Vous faites du racisme social ! Vous vous déshonorez !

M. Jean-Pierre Brard.

J'en venais donc au MEDEF, qui a tenté d'exploiter cette situation avec le PARE, déjà évoqué aujourd'hui dans cette enceinte.

La gauche, attachée à la justice sociale, à la solidarité nationale, en un mot aux valeurs républicaines, monsieur de Courson, ne peut évidemment pas accepter que perdure cette situation qui fait des ravages chroniques dans nos communes.

Ce constat est commun à toutes les sensibilités de la majorité plurielle. Un groupe de cinq députés, auquel je participe et qui comprend Eric Besson, Marie-Hélène Aubert, Michel Suchod et Chantal Robin-Rodrigo, a réfléchi à un dispositif de retour au travail pour tous ceux qui se trouvent durablement privés de l'accès à l'emploi.

Il faut d'ailleurs souligner que cette démarche d'affirmation et de mise en oeuvre concrète du droit au travail suscite un réel intérêt parmi nombre de nos collègues - nous étions une trentaine, la semaine dernière, issus de tous les groupes de la majorité plurielle - mais aussi au sein des associations de lutte contre l'exclusion, regroupées dans le collectif ALERTE, comme le mentionne le premier bilan associatif de la loi d'orientation relative à la lutte contre les exclusions.

Une fraction des excédents de rentrées fiscales que nous connaissons actuellement ainsi qu'une partie des crédits destinés à la formation professionnelle et à l'insertion des RMIstes peuvent être mobilisés pour financer ce projet, qui nous paraît avoir vocation à connaître rapidement une phase expérimentale dans au moins une dizaine de sites. Il faut expérimenter et, à cet effet, sélectionner des lieux en fonction de l'engagement des élus dans le pilotage de ces actions et dans le contrôle de leur efficacité. Dans les villes où les élus seront volontaires, en coopération avec l'ANPE, l'AFPA et tous les partenaires jugés utiles, il faut fédérer les énergies dans un dispositif souple défini avec le Gouvernement.

Dans le cadre de ce que l'on pourrait appeler un

« contrat de retour au travail », tout chômeur volontaire bénéficierait d'un emploi occupé par exemple quatre jours sur cinq, le cinquième étant consacré à la formation, à la recherche d'un autre emploi ou au montage d'un projet professionnel. Il serait rémunéré à hauteur de quatre cinquièmes du SMIC. Il bénéficierait, en outre, d'un conseil et d'un accompagnement personnalisés pouvant revêtir la forme d'un parrainage non seulement par des professionnels, qui restent indispensables, mais aussi par des citoyens qui ont une idée des valeurs devant structurer notre société.

Les personnes morales de droit public et les associations auraient vocation à accueillir ce public sur des emplois socialement utiles.

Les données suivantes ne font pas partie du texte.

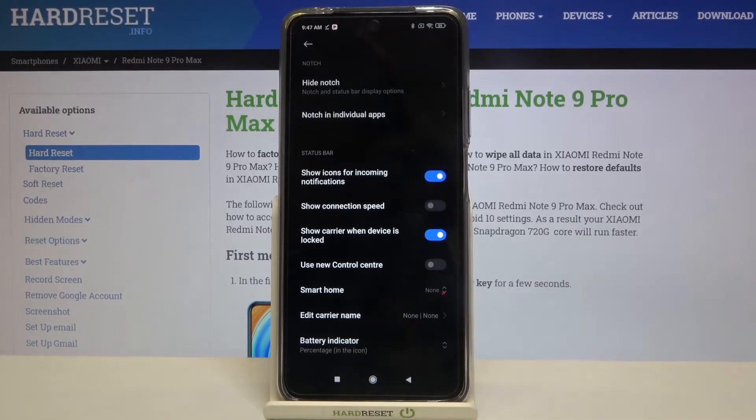very bottom, because here we've got the battery indicator option, so let's tap on it and as you can see here we've got three options to choose from.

Parallèlement, la loi créerait une obligation d'insérer pour les entreprises. En fonction de sa taille, l'entreprise se verrait conduite à accueillir en son sein une ou plusieurs personnes dites « prioritaires », choisies parmi des personnes éloignées de l'emploi.

Voilà donc un projet novateur et mobilisateur, porteur d'espoir pour ceux qui en ont le plus besoin, et par là, monsieur le secrétaire d'Etat, facteur de cohésion sociale.

Porteur d'espoir et cohérent avec la politique menée depuis trois ans qui a vu la création des emplois-jeunes, la réduction du temps de travail et la lutte contre les exclusions. Nous devons aller plus loin et ouvrir aux plus démunis les portes de l'emploi. De ce point de vue, la première partie du projet de loi de finances aurait pu être le vecteur de nouveaux dispositifs. Or, à l'exception de la mesure annoncée concernant la CSG qui se trouve dans le projet de loi de financement de la sécurité sociale, l'outil fiscal n'est que peu mobilisé en faveur de l'emploi.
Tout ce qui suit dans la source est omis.